Although still not profitable, Layton finances much of its research through the sale of Inversine, a nicotine substitute that battles Tourette's syndrome. Astonishingly, Layton expects to go commercial with LBS-Neurons in the fourth quarter of 2004. But even Steinberg says it's too early to know whether that target date is realistic. "I don't know that we can say we'll be treating patients in a few years with this cell line," he says.
Despite outside criticism of the company's push to enter human clinical trials, doctors working with Layton insist the firm is moving cautiously. Dr. David Tong, a Stanford neurologist who conducts patients' physical therapy evaluations, admits he has "huge safety concerns" about administering the formerly cancerous cells. But he defends the pace and precaution of the study.
"Stroke has been a problem for thousands of years -- we're not going to cure it in five," Tong says. "The company, to its credit, has been good about listening to the scientific advisers. Everybody wants to go as fast as possible. Fortunately, they've used academic centers to run these trials. Too many times, these drug companies push their own agendas, and the academics are taken along for a ride. That's not the case here."
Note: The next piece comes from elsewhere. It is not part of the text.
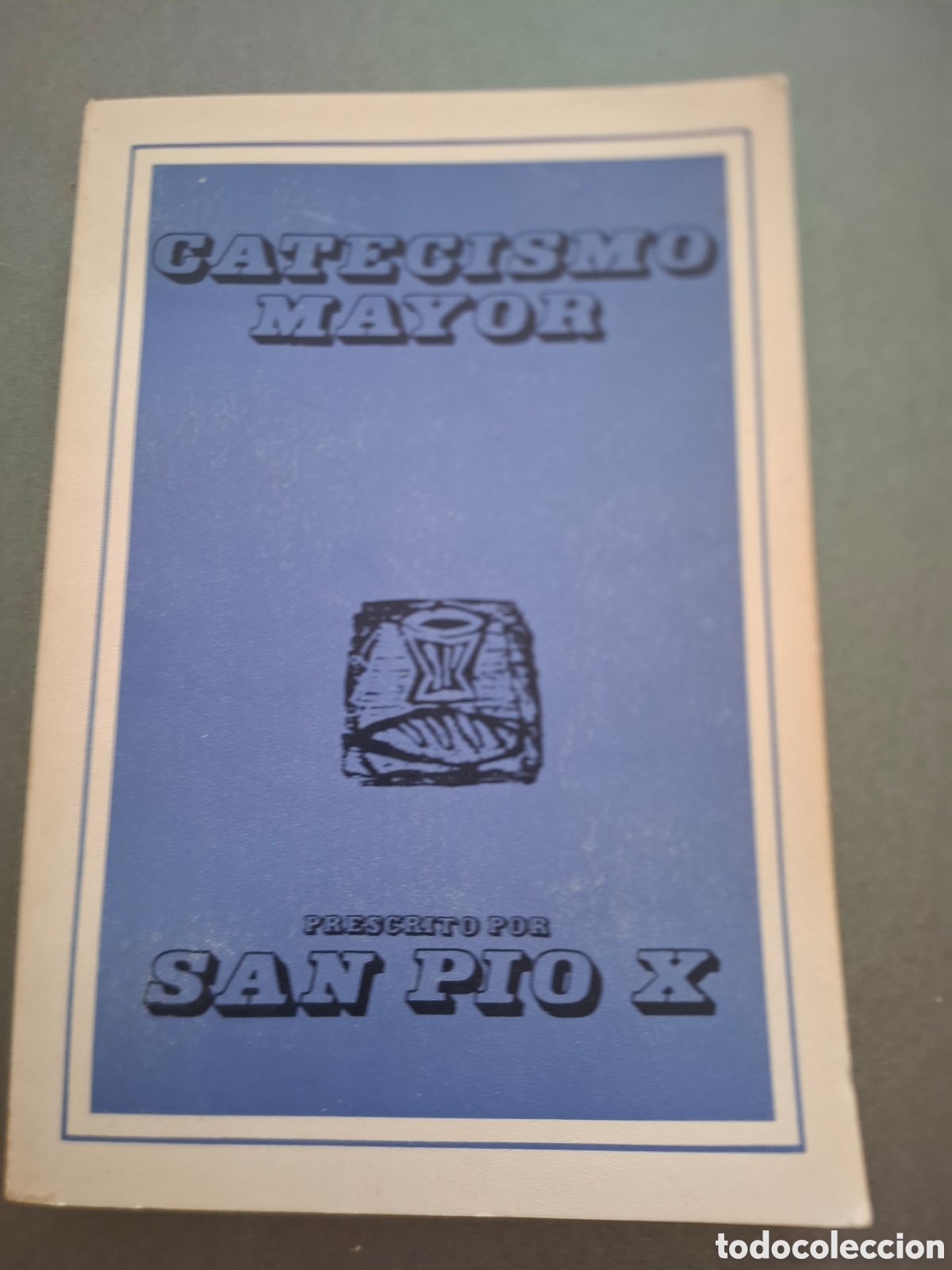 Libri di seconda mano: Catecismo mayor - Prescrito por San Pio X - 1971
If Layton ever wants a reminder to proceed with care, it need look no further than Charlestown, Mass. That's the home base of Diacrin Inc., a biotech firm that launched a clinical study in September 1999 to treat stroke patients with fetal pig cells. But after surgeons implanted the cells in just five patients, one experienced brain swelling and another suffered severe seizures. The company blames the large tube it used to inject the cells, but the FDA halted the trial in the spring and has not allowed it to proceed.
Matt Fredericks limps through the door of Stanford Medical Center's neurology department and exclaims, "Hi honey, I'm home."
Today, home is a drab exam room with the requisite table/bed, sink, latex-glove dispenser, and poster on the wall extolling the benefits of anti-epileptic drugs. From 9 a.m. until late afternoon, Fredericks is prodded, questioned, and tested. Dressed in a tan jacket, tan button-down shirt, and tan slacks, Fredericks -- a slight man with a mustache and cropped brown hair -- responds to the evaluations with a healthy dose of sarcasm. When a nurse asks if his vision is blurry, Fredericks replies: "Only when I take my glasses off." He compares the wait line snaking out of the Blood Drawing and Specimen Collection Lab to the crush of bodies waiting for a spot on one of the Titanic's lifeboats. When a doctor hands Fredericks a copy of Islands magazine and asks him to describe the cover photo of three scantily clad Polynesian women steering a raft, his insight consists of: "Beautiful composition."
But away from the spotlight, Fredericks makes it clear that his attempts at comedy are merely a means of coping, not a sign that he's approaching the study with a cavalier attitude. Fredericks, an engineer who lives in Southern California, was only 35 when he had his stroke five years ago. Thoroughly unprepared for the deep bouts of depression that followed, Fredericks descended into suicidal despair.
"Why, when you're committing suicide, do you put five rounds in the chamber? It's only going to take one click, and all that suffering and misery will be over." As he waits to have his blood drawn, and for the STAT! notation on his form to register with the receptionist, Fredericks stuffs his dead left arm into his pants pocket and lowers his voice. "The stroke takes away so much of you, but it leaves just enough to realize your life is over. Three months after the stroke I sat there with a handgun to my head. I have a wife and two children, but you're living in misery, and they're living in misery ... it'll just take a second to pull the trigger. And having been down the path of suicide, it still lurks, it still sits there as you go to tie your shoe and you realize you can't."